Afinal, praticar Marketing Farmacêutico não é querer vender mais medicamentos? Mais
marcas, mais caixas, mais comprimidos, mais ampolas? Não é procurar influenciar no
sentido de que mais médicos prescrevam, prescrevam mais caixas, tratem durante mais
tempo, e de que os doentes tomem consequentemente mais medicamentos, de forma
mais contínua, e com tanta regularidade e disciplina quanto possível? Sem dúvida que
sim, da mesma forma que a prática do Marketing, por exemplo no mercado dos
iogurtes, visa a venda de mais marcas, mais ”packs”, mais garrafas e mais vasos,
procurando fidelizar consumidores e expandir mercados.

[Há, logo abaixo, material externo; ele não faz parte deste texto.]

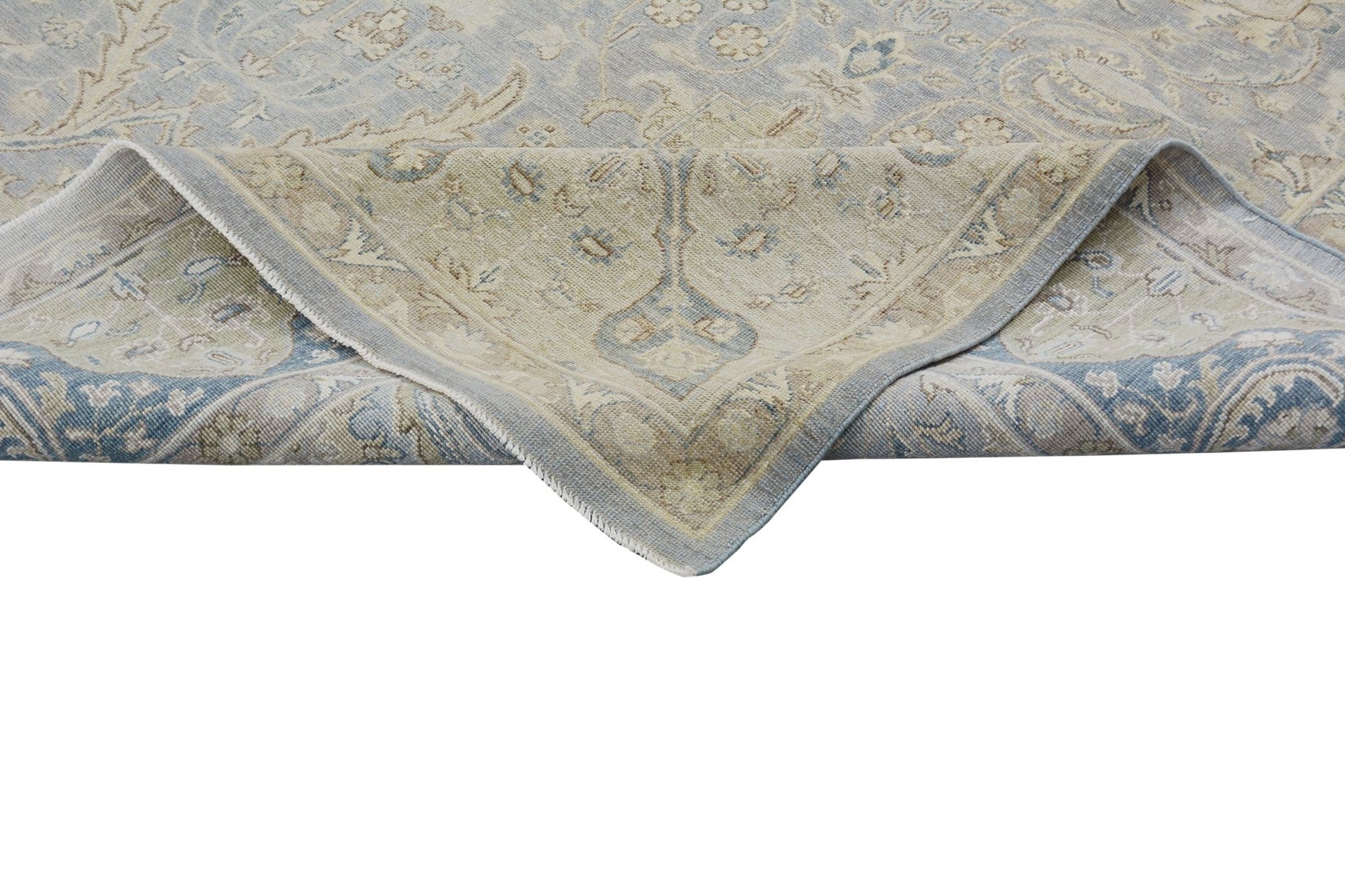 A handmade Afghan Chobi rug featuring a traditional floral pattern in soft blue and beige tones.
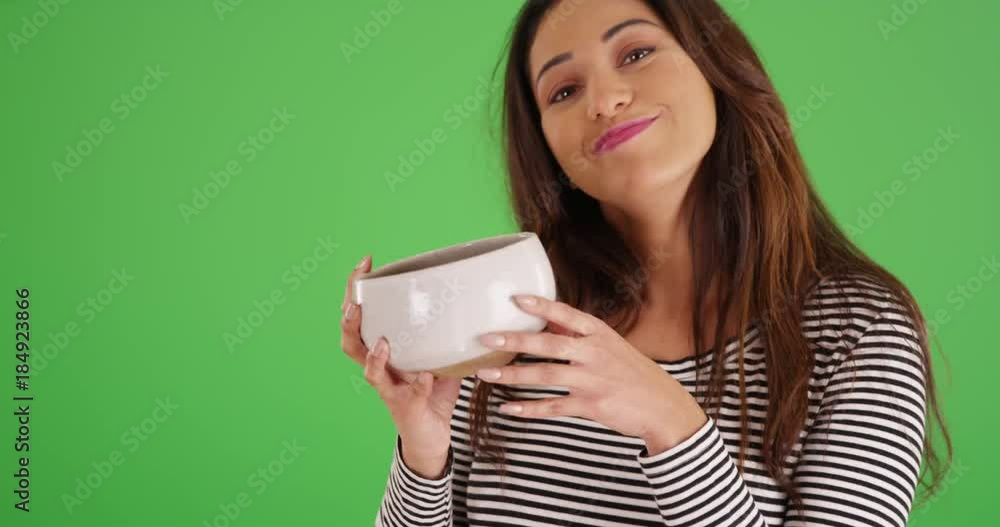 Portrait of cheerful Latina female holding up ceramic bowl, smiling at camera on green screen. On green screen to be keyed or composited. Portrait of cheerful Latina female holding up ceramic bowl, smiling at camera on green screen. On green screen to be keyed or composited.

A primeira questão que a sociedade coloca face a este alinhamento de intenções é: não
será isso incompatível com o desejo social do consumo regrado, racional e estritamente
técnico-científico de medicamentos?
A essa questão segue-se inevitavelmente outra, muito cara não apenas ao público em
geral, mas aos profissionais de saúde em particular: praticar Marketing Farmacêutico
não é desvalorizar a dignidade particular do medicamento, tratando-o como outro
produto qualquer e assumindo (ainda que implicitamente) que vender medicamentos é
igual a vender iogurtes?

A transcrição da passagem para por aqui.